[Given data Boundary: Start]
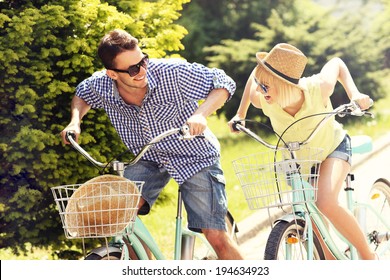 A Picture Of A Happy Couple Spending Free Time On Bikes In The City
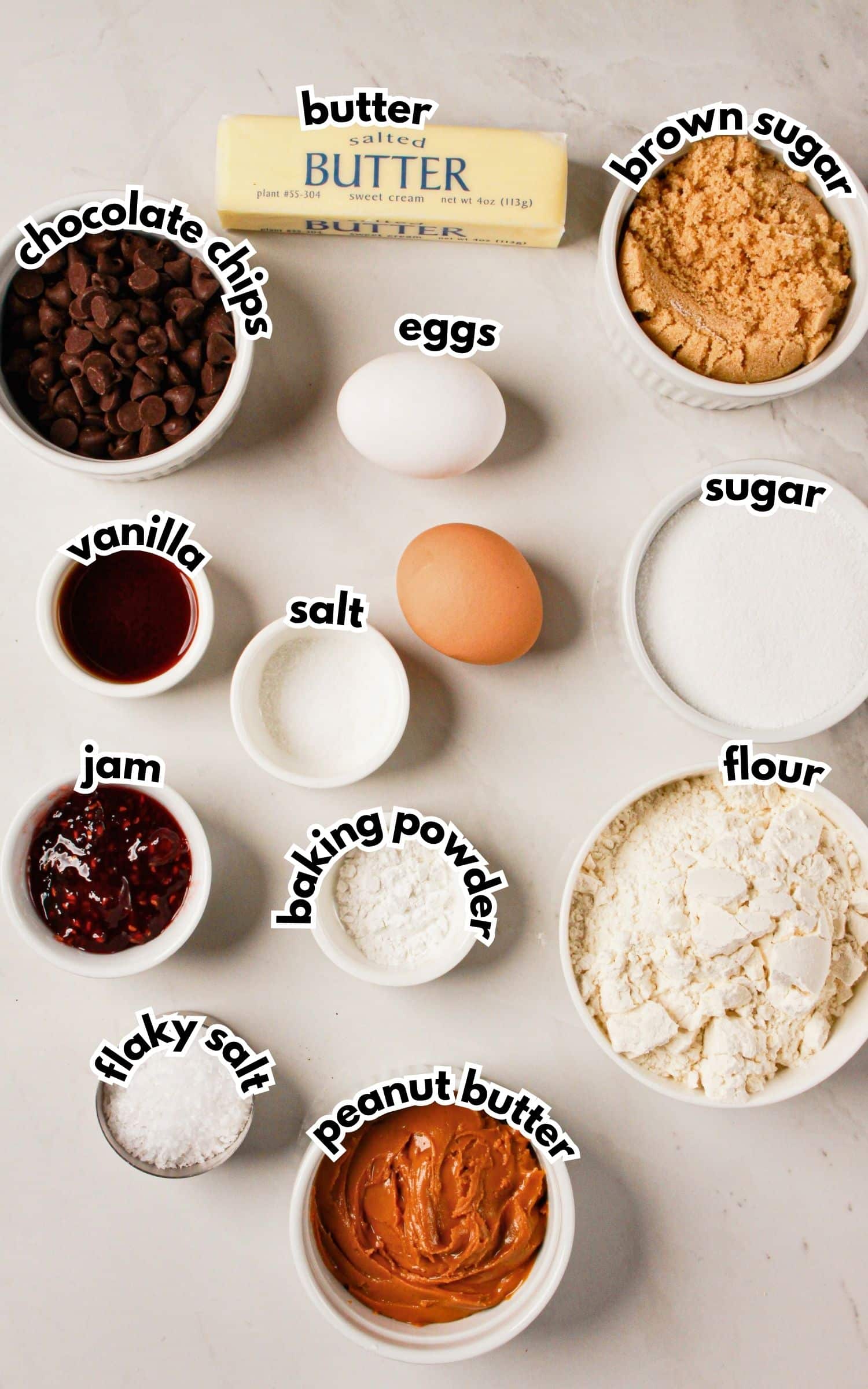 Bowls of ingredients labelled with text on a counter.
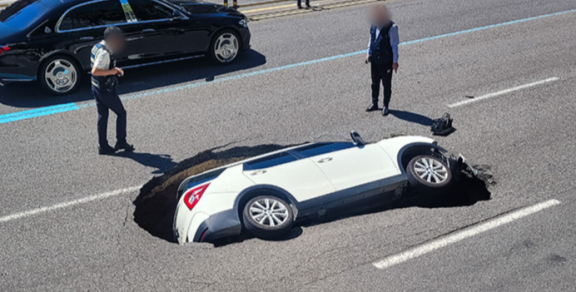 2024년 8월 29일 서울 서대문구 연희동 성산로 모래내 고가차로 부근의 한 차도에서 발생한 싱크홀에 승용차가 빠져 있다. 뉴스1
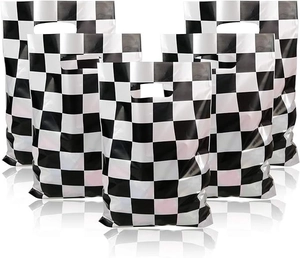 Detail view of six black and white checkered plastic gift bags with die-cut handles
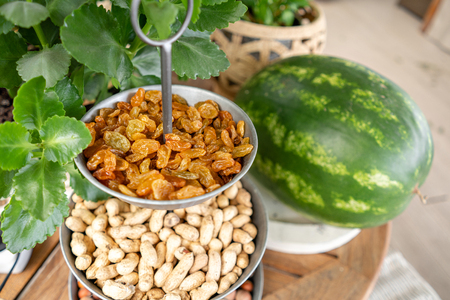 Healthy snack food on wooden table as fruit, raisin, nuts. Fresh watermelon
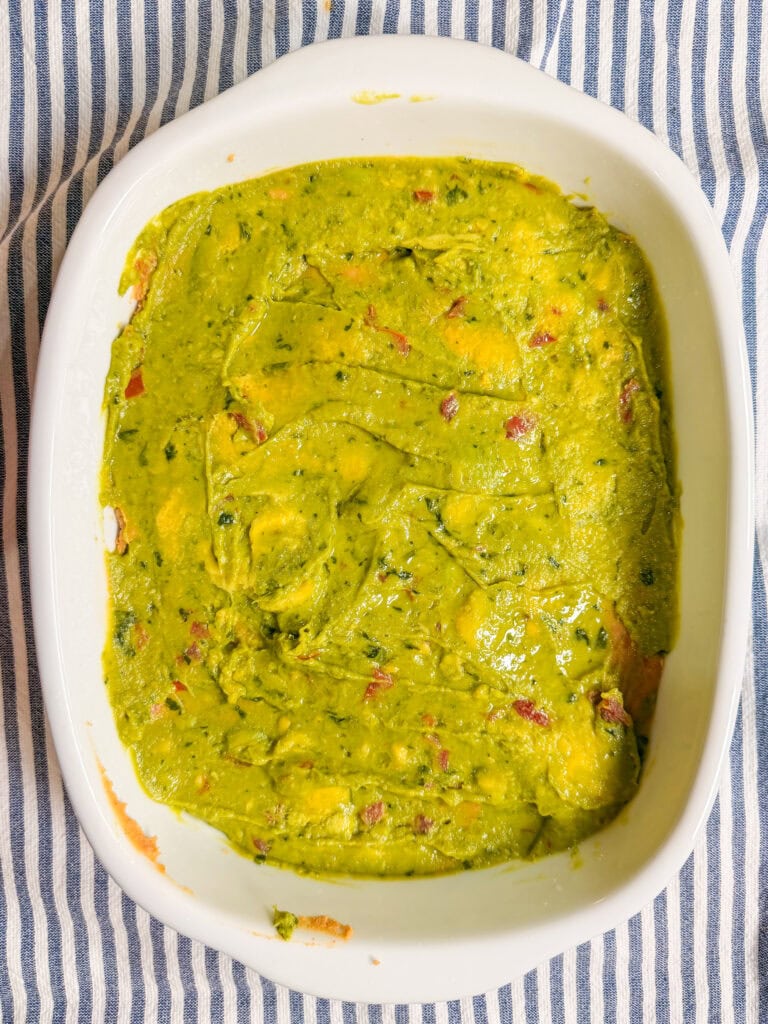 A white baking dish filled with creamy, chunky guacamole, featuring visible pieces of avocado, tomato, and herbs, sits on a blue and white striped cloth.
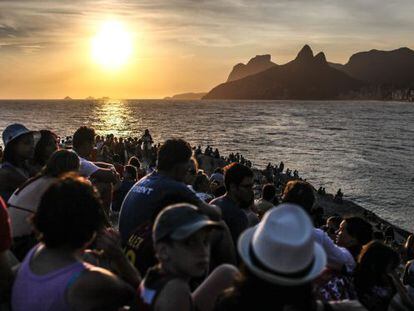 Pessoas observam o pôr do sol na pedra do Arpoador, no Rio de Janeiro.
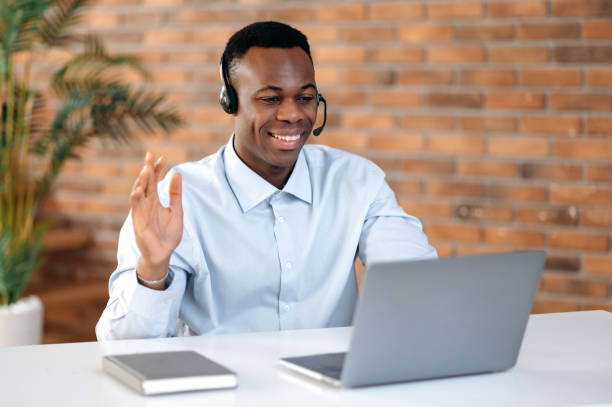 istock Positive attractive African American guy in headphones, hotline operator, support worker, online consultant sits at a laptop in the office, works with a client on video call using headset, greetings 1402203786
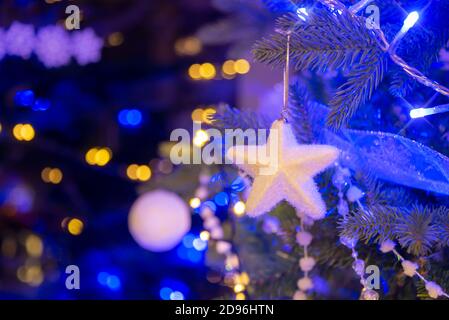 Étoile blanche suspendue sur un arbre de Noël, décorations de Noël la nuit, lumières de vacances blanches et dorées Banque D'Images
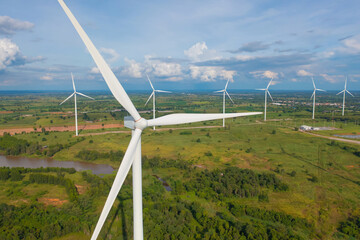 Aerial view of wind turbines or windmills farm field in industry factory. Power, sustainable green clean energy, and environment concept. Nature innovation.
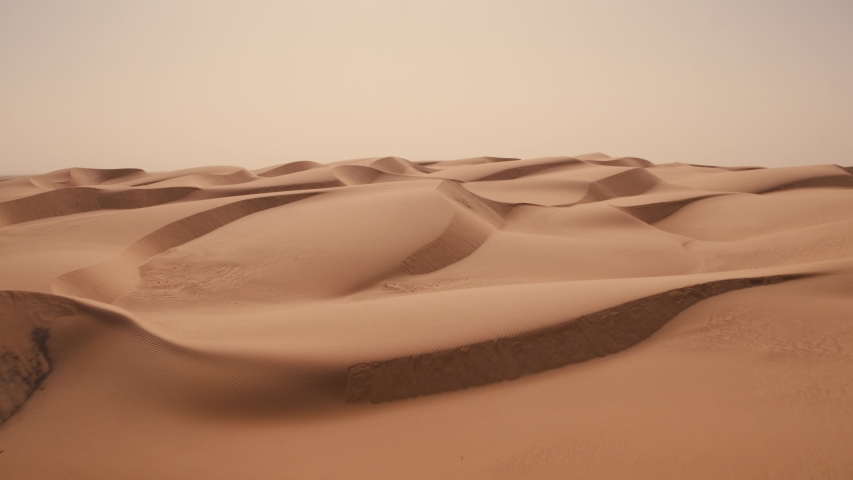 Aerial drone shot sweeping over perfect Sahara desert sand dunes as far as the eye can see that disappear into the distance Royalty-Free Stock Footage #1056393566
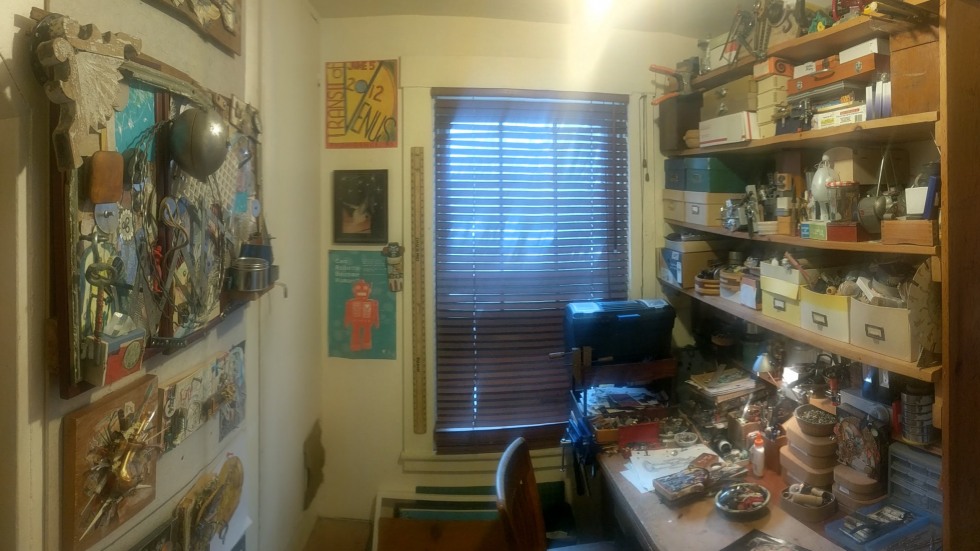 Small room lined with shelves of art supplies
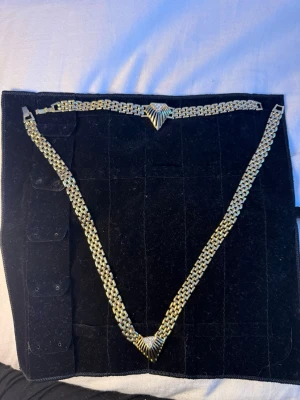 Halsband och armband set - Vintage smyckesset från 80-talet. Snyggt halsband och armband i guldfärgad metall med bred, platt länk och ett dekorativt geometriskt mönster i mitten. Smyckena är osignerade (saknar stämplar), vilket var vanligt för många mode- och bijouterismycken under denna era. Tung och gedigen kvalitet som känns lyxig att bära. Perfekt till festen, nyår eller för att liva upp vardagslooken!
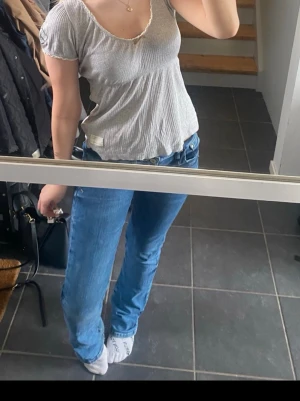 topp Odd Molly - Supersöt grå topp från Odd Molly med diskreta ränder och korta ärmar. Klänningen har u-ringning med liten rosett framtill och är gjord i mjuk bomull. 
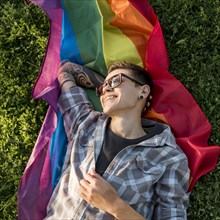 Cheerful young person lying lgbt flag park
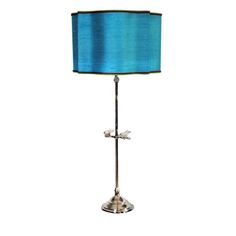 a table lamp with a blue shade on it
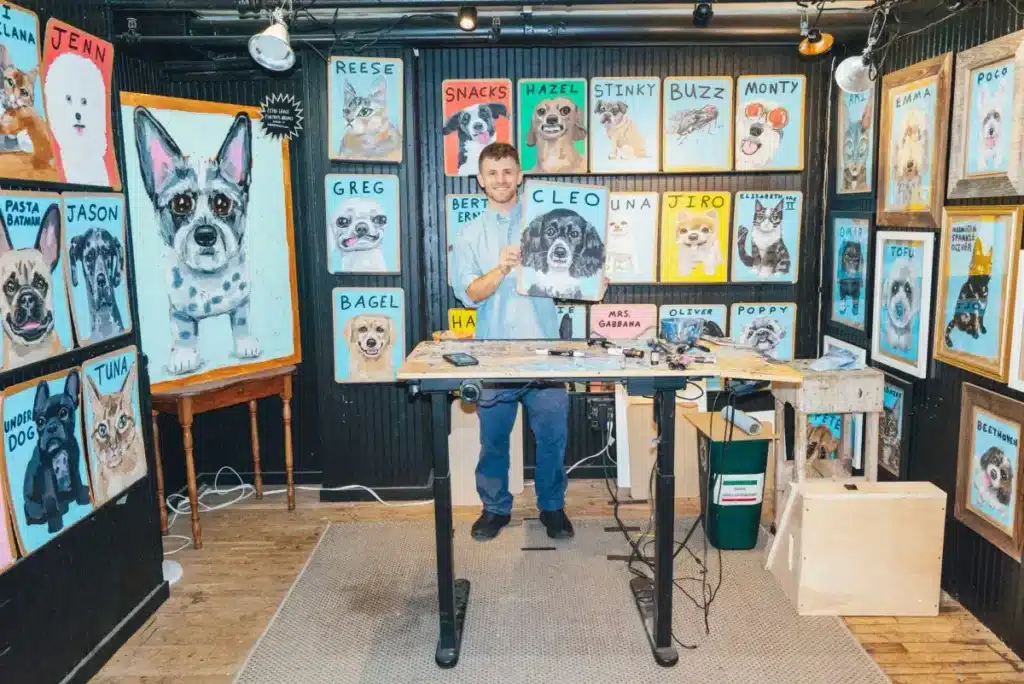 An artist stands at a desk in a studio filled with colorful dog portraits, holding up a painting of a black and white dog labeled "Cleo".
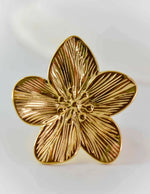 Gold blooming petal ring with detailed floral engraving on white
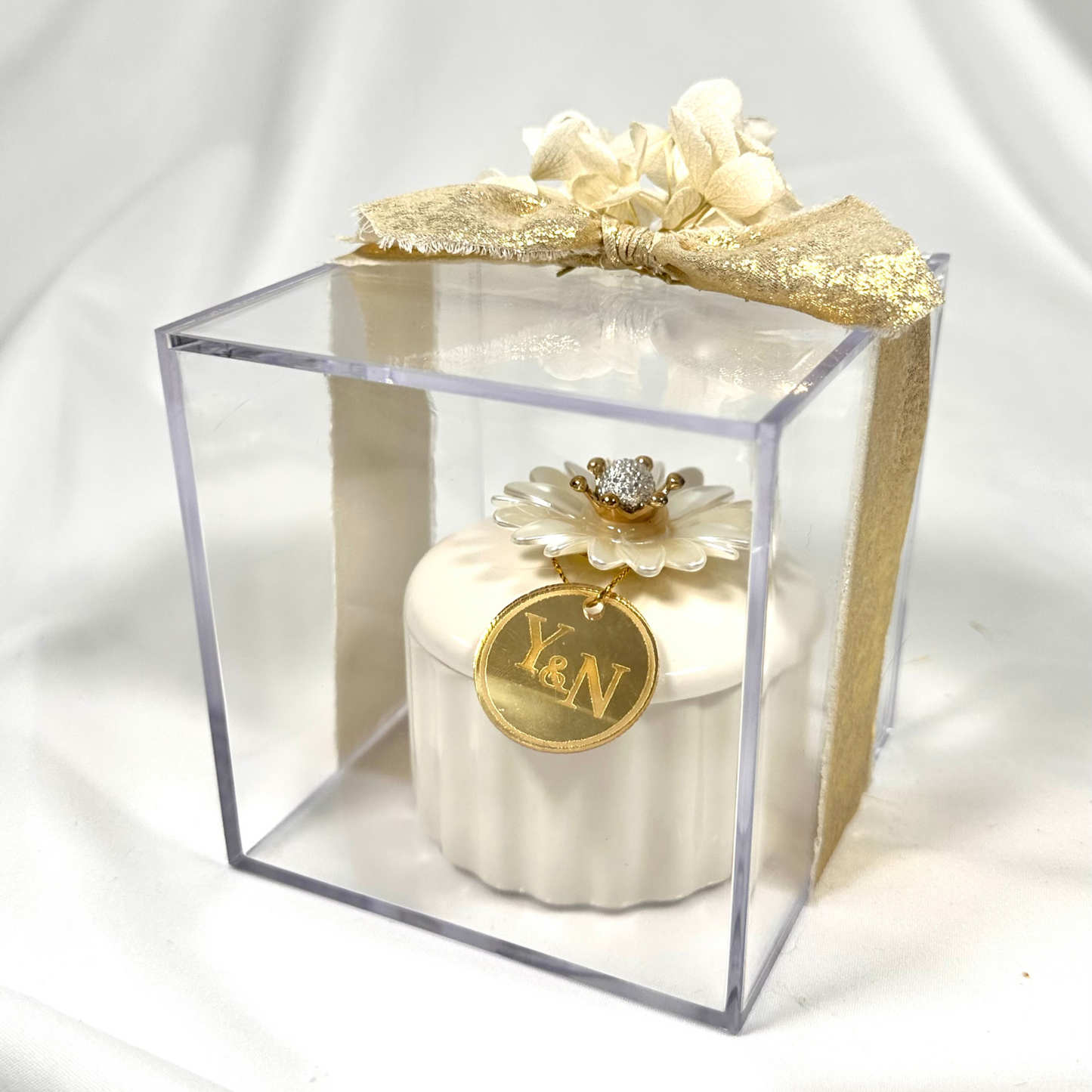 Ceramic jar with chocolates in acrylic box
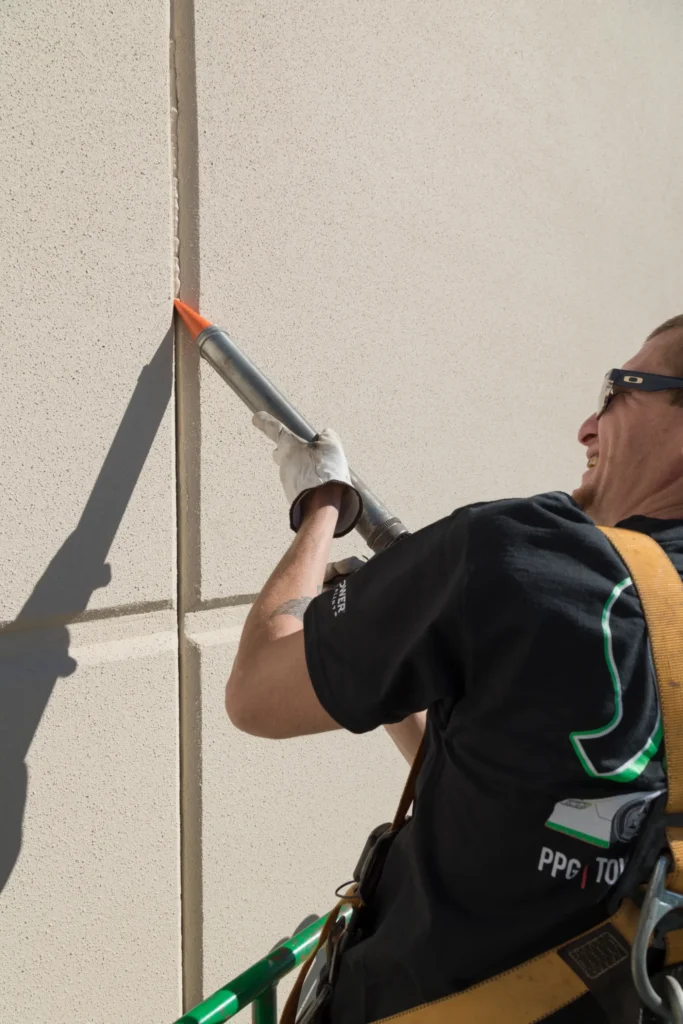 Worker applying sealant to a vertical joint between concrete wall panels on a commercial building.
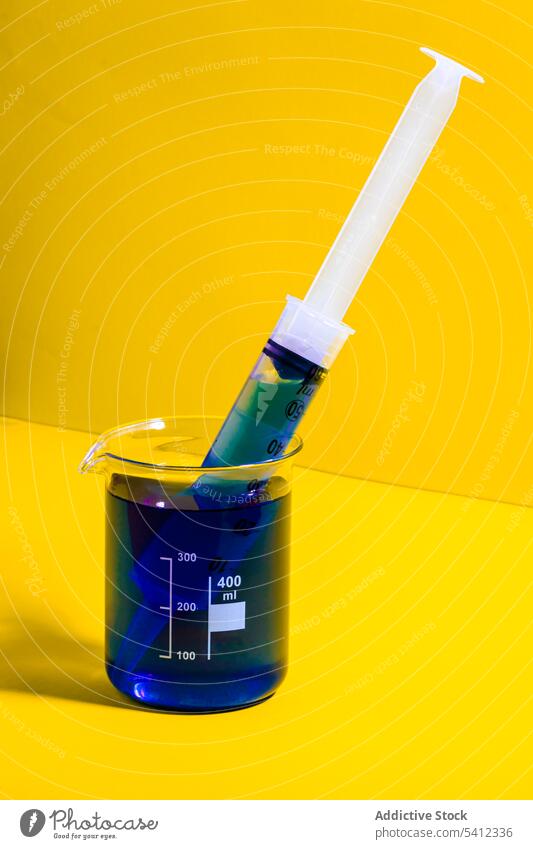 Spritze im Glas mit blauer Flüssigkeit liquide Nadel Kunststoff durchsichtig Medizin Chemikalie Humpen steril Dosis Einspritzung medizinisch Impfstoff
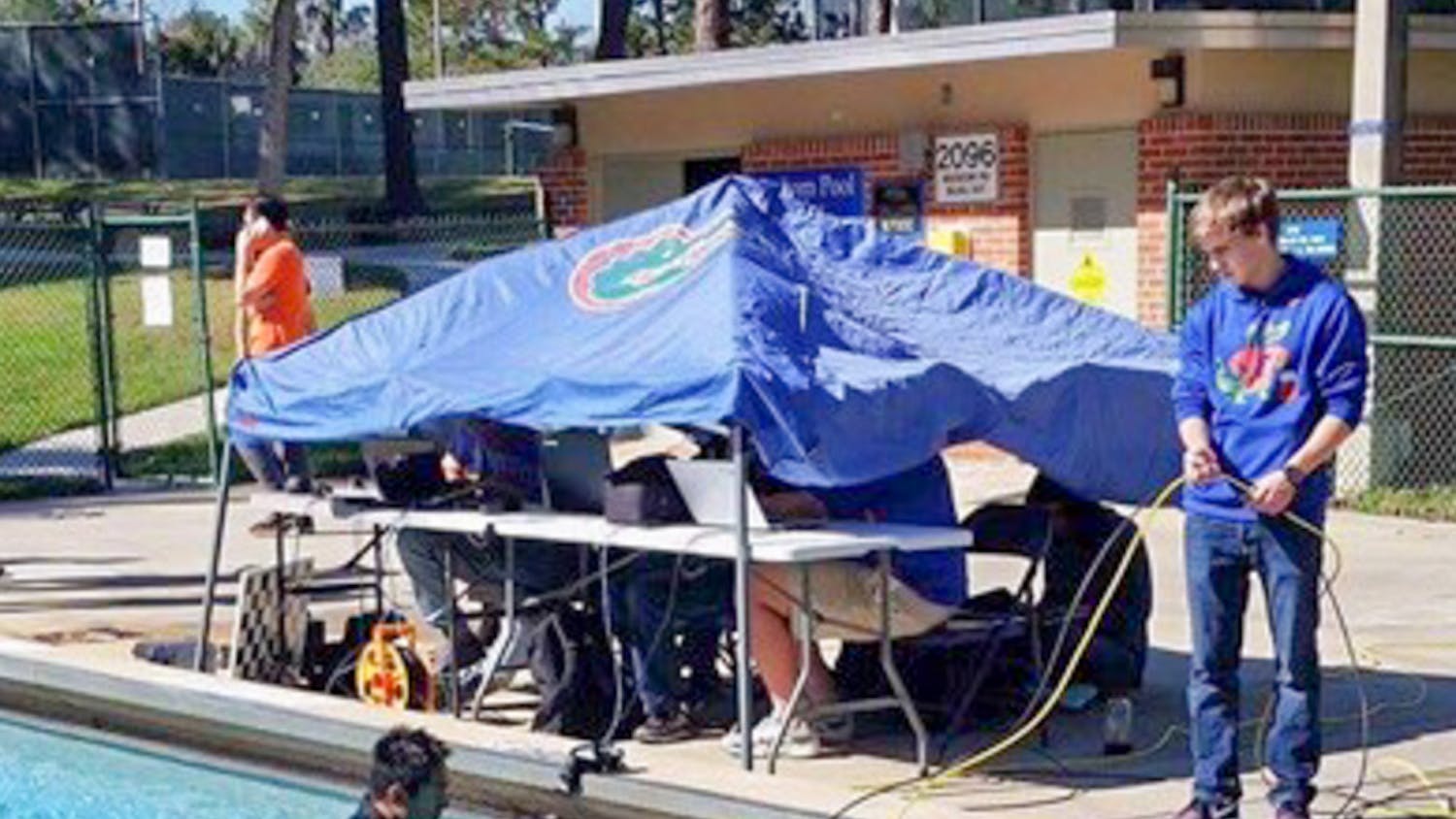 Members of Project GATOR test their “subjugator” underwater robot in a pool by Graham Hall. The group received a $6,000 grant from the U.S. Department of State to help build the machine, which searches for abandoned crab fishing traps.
[Given data Boundary: End]
Drop the pictures; return the lines above from the line containing "Pessoas observam o" to the line containing "istock Positive attractive", both included, exactly.

**Answer**
 Pessoas observam o pôr do sol na pedra do Arpoador, no Rio de Janeiro.
 istock Positive attractive African American guy in headphones, hotline operator, support worker, online consultant sits at a laptop in the office, works with a client on video call using headset, greetings 1402203786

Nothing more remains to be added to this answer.